Front Psychiatry. 2018 Jun 26;9:240. doi: 10.3389/fpsyt.2018.00240. eCollection 2018.
Persistent somatic symptoms are associated with psychological distress, impaired function, and medical help-seeking behavior. The Patient Health Questionnaire (PHQ)-15 is used as a screening instrument for somatization and as a monitoring instrument for somatic symptom severity. A bifactorial model has been described, with one general factor and four orthogonal specific symptom factors. The objective of the present study was to assess and to clarify the factor structure of the PHQ-15 within and between different countries in Western Europe and China. Cross-sectional secondary data analysis performed in three patient data samples from two Western European countries (Germany = 2,517, the Netherlands = 456) and from China ( = 1,329). Confirmatory factor analyses (CFA), and structural equation modeling (SEM) analysis were performed. The general factor is found in every sample. However, although the outcomes of the PHQ-15 estimate severity of somatic symptoms in different facets, these subscales may have different meanings in the European and Chinese setting. Replication of the factorial structure was possible in the German and Dutch datasets but not in the dataset from China. For the Chinese dataset, a bifactorial model with a different structure for the cardiopulmonary factor is suggested. The PHQ-15 could discern somatization from anxiety and depression within the three samples. The PHQ-15 is a valid questionnaire that can discern somatization from anxiety and depression within different cultures like Europe or China. It can be fitted to a bifactorial model for categorical data, however, the model can only be recommended for use of the general factor. Application of the orthogonal subscales in non-European samples is not corroborated by the results. The differences cannot be ascribed to differences in health care settings or by differences in concomitant depression or anxiety but instead, a cultural factor involving concepts of disease may play a role in this as they may play a role in the translation of the questionnaire. Further research is needed to explore this, and replication studies are needed regarding the factorial structure of the PHQ-15 in China.

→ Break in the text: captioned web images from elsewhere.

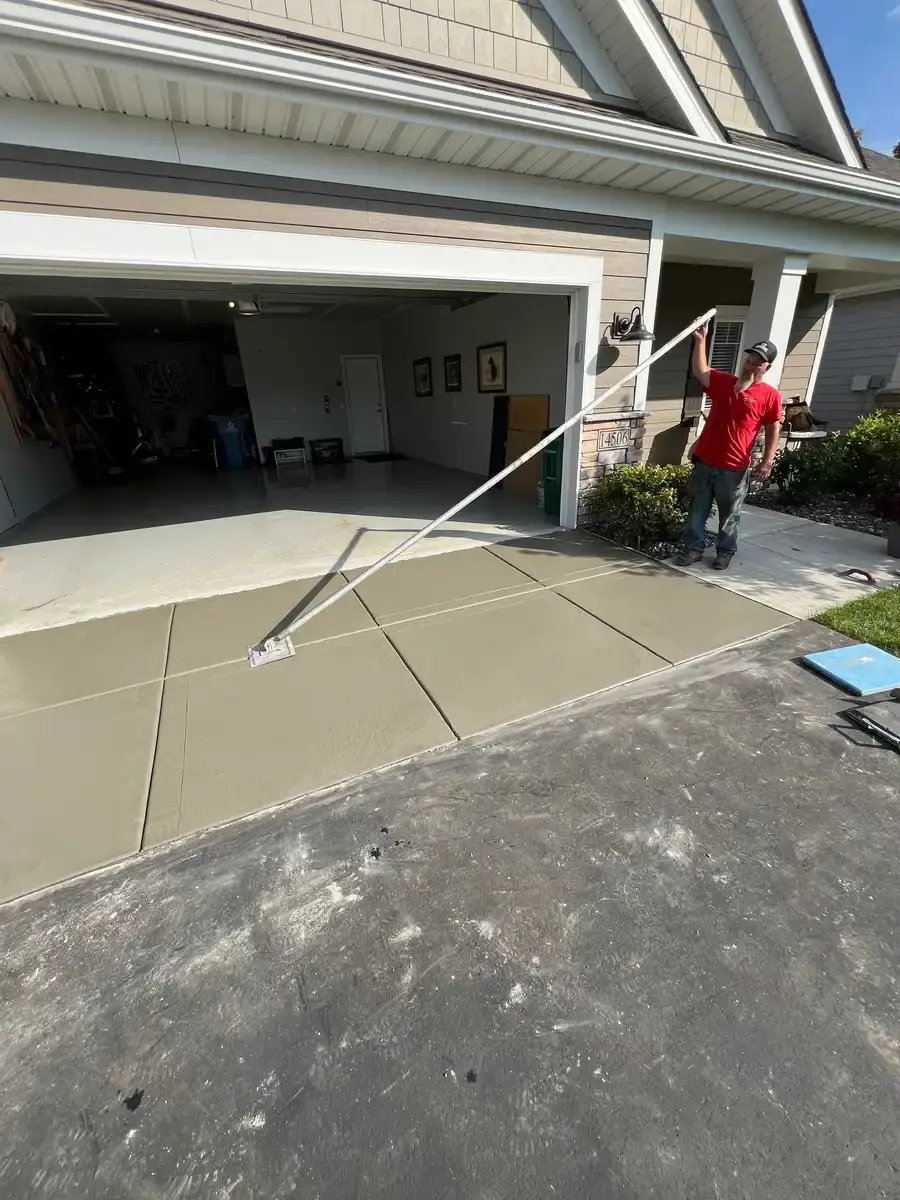 Concrete garage floor finishing in progress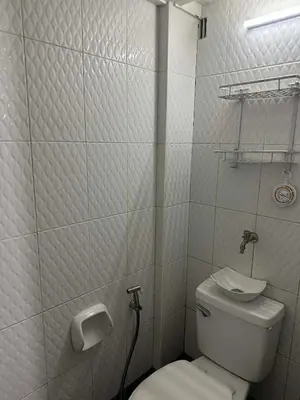 a white bathroom with a toilet and a sink at Cozy Loft Unit in Manila in Manila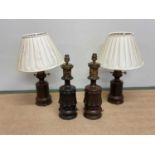 Two pairs of decorative table lamps, one with pleated shades, height 49cm.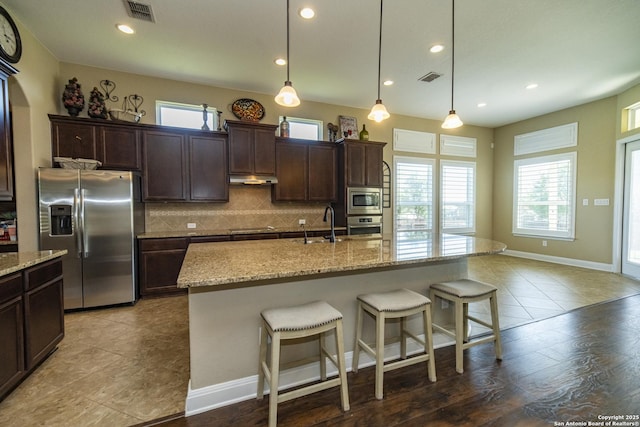3308 Ashleys, Marion, TX 78124 - kitchen with appliances with stainless steel finishes, backsplash, healthy amount of natural light, recessed lighting, and dark brown cabinets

持续性躯体症状与心理困扰、功能受损及寻求医疗帮助行为相关。患者健康问卷(PHQ)-15用作躯体化筛查工具及躯体症状严重程度监测工具。已描述了一个双因素模型,包含一个一般因素和四个正交的特定症状因素。本研究的目的是评估并阐明PHQ-15在西欧不同国家内部以及与中国之间的因素结构。对来自两个西欧国家(德国 = 2517例,荷兰 = 456例)和中国( = 1329例)的三个患者数据样本进行了横断面二次数据分析。进行了验证性因素分析(CFA)和结构方程模型(SEM)分析。在每个样本中均发现了一般因素。然而,尽管PHQ-15的结果估计了躯体症状在不同方面的严重程度,但这些分量表在欧洲和中国背景下可能具有不同含义。在德国和荷兰的数据集中可以复制因素结构,但在中国的数据集中则不行。对于中国数据集,建议采用一种心肺因素结构不同的双因素模型。PHQ-15能够在三个样本中区分躯体化与焦虑和抑郁。PHQ-15是一份有效的问卷,能够在欧洲或中国等不同文化中区分躯体化与焦虑和抑郁。它可以拟合用于分类数据的双因素模型,不过,该模型仅推荐用于一般因素。结果未证实正交分量表在非欧洲样本中的应用。这些差异不能归因于医疗保健环境的差异或伴随的抑郁或焦虑的差异,相反,涉及疾病概念的文化因素可能在此发挥作用,因为它们可能在问卷翻译中起作用。需要进一步研究来探讨这一点,并且需要针对中国的PHQ-15因素结构进行重复研究。